## Provided material
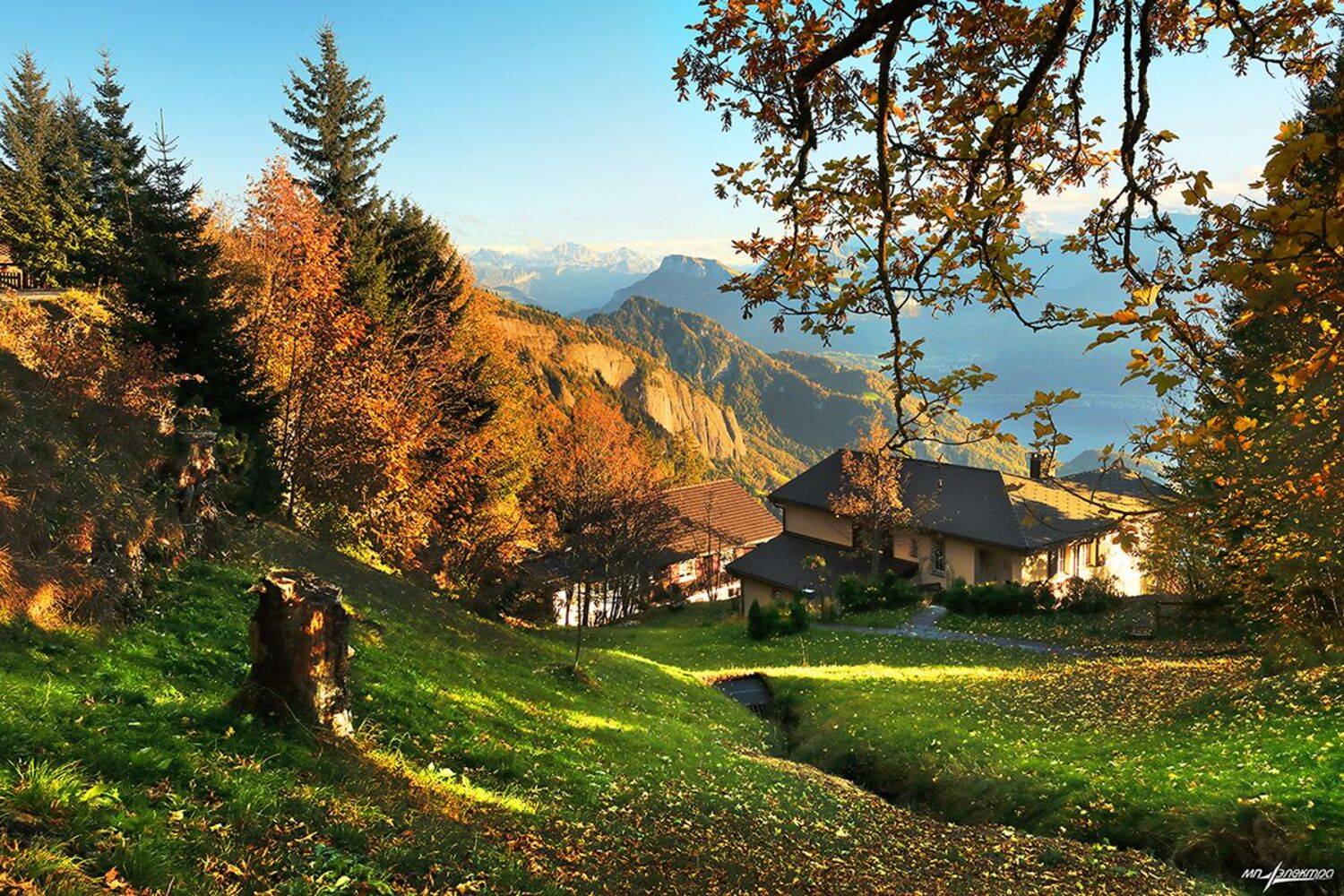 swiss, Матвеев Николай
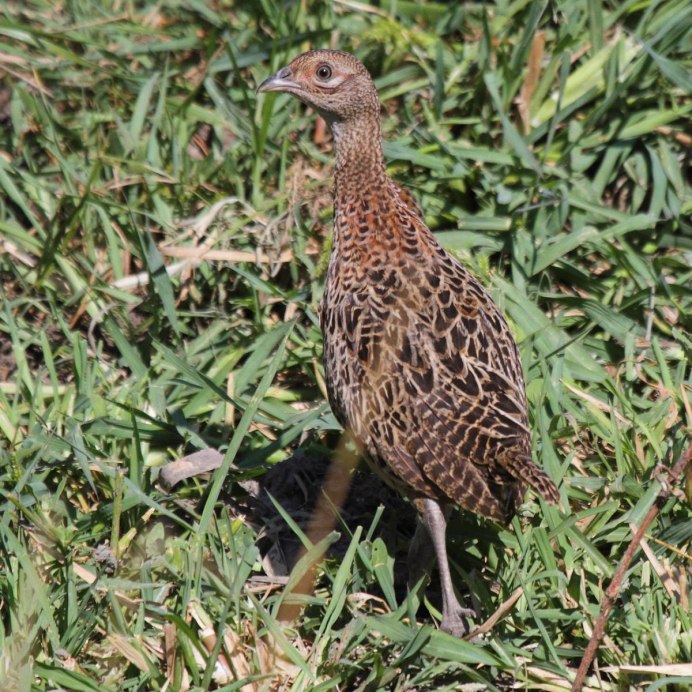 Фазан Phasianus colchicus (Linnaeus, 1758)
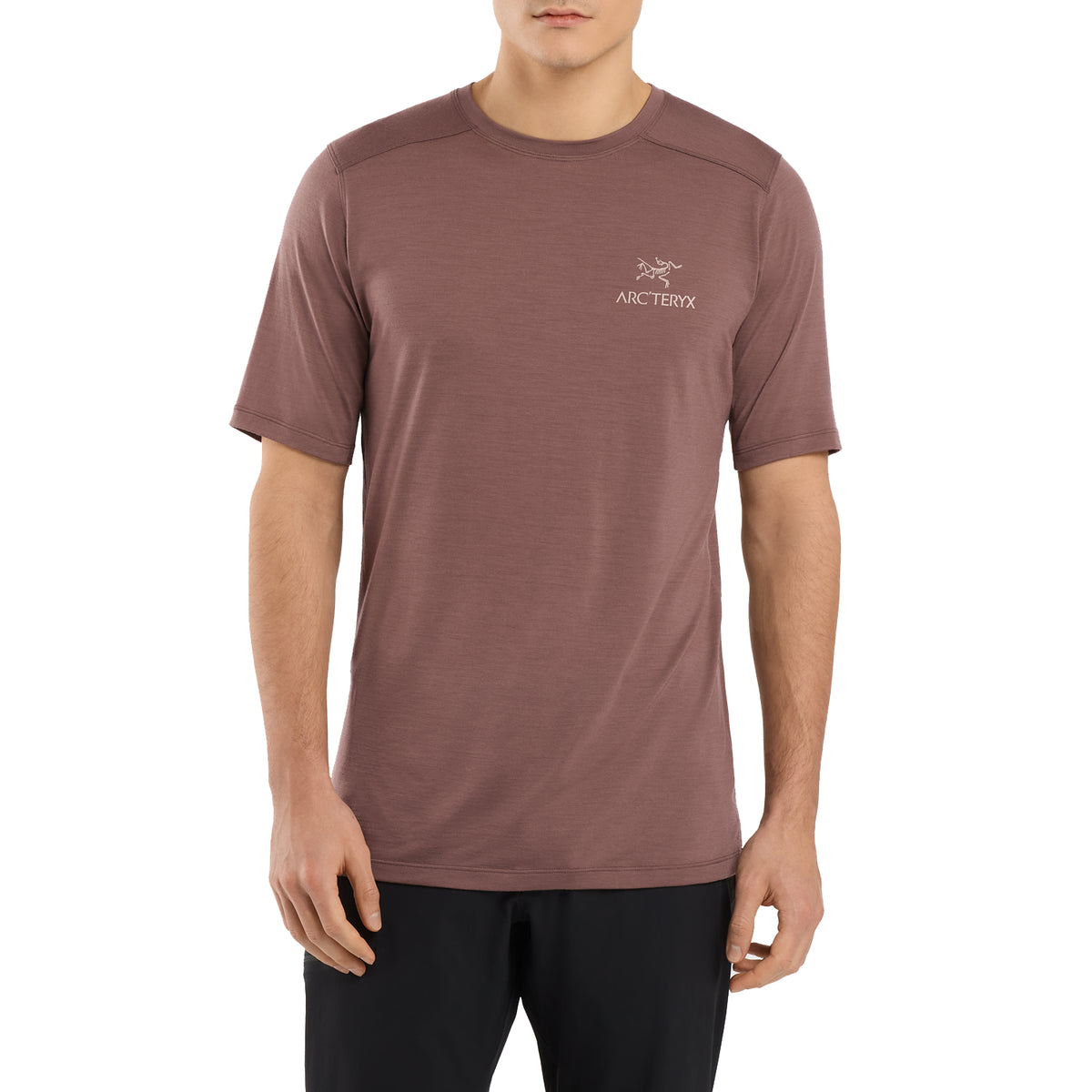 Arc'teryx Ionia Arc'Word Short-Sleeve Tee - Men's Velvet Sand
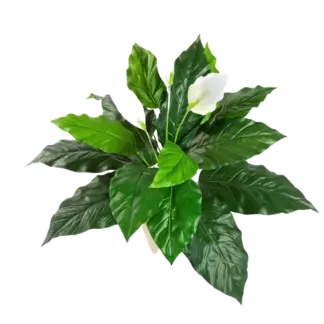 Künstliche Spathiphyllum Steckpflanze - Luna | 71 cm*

## Work required
Before copying the data, remove the pictures. Then repeat the rest exactly.

## Task solution
 swiss, Матвеев Николай
 Фазан Phasianus colchicus (Linnaeus, 1758)
 Arc'teryx Ionia Arc'Word Short-Sleeve Tee - Men's Velvet Sand
 Künstliche Spathiphyllum Steckpflanze - Luna | 71 cm*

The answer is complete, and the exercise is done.